In 600 BCE Athenian poet Cratinus described "a flat cake hot and shedding morning dew."
After that pancakes were not written about for 1,000 years. Then in the 1400s, pancakes became extremely popular amongst the British, even having celebrations centered around pancakes. They were especially popular with the working class at the time.
People liked that pancakes were easy to make. In the 1750 cookbook Country Housewife's Family Companion, author William Ellis praised pancakes as "one of the cheapest and more serviceable dishes of a farmer's family in particular; because all the ingredients of the common ones are of his own produce, are ready at hand upon all occasions."

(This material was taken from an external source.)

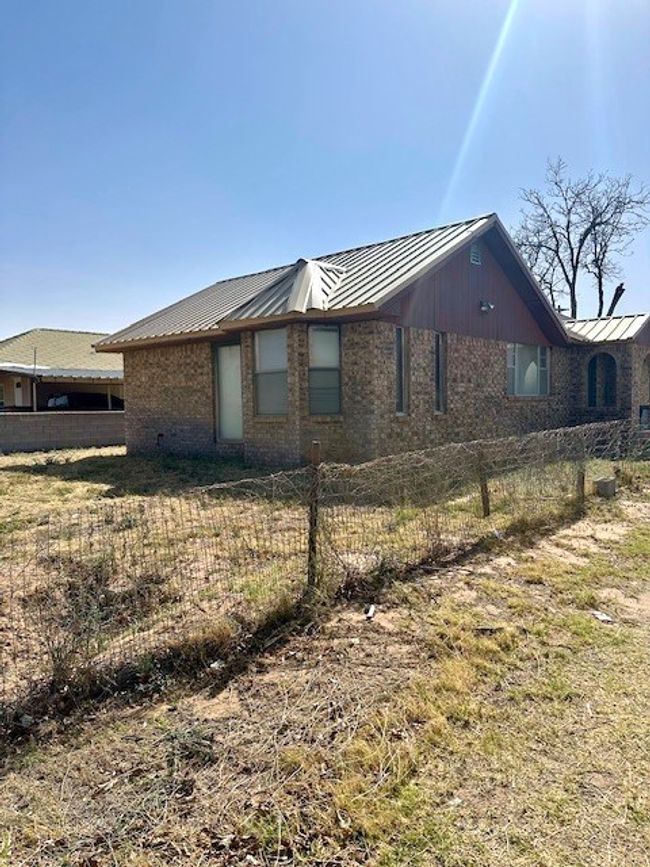500 W F St, House other with 3 bedrooms, 1 bathrooms and null parking in Monahans TX | Image 16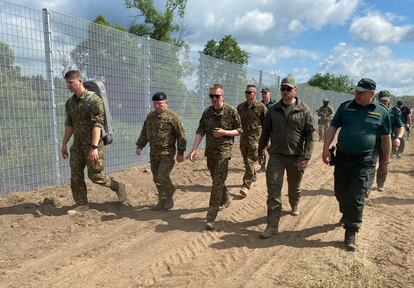 El presidente letón Edgars Rinkevics (tercero por la izquierda), visitaba la construcción de una valla en la frontera con Rusia, el 18 de junio.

Before the 1800s, brandy and wine had been common liquids for pancake batter. In the 1800s milk and occasionally cream became the preferred liquids for pancake batter, and at that moment the modern pancake was born! Although at that time what was called a flapjack, and in the 1870s the flapjack became known as the pancake.
A few years later maple syrup became the preferred topping of choice. Nowadays each culture seems to have a unique take on pancakes. People eat them for breakfast, lunch, and dinner all over the globe. Some examples of this trans-cultural food are: crepes in France, potato latkes in Eastern Europe, ricotta crespelle in Italy, boxty in Ireland, blini in Russia, crampog in Wales, poori in India, palacsinta in Hungary, and pannenkoeken in the Netherlands.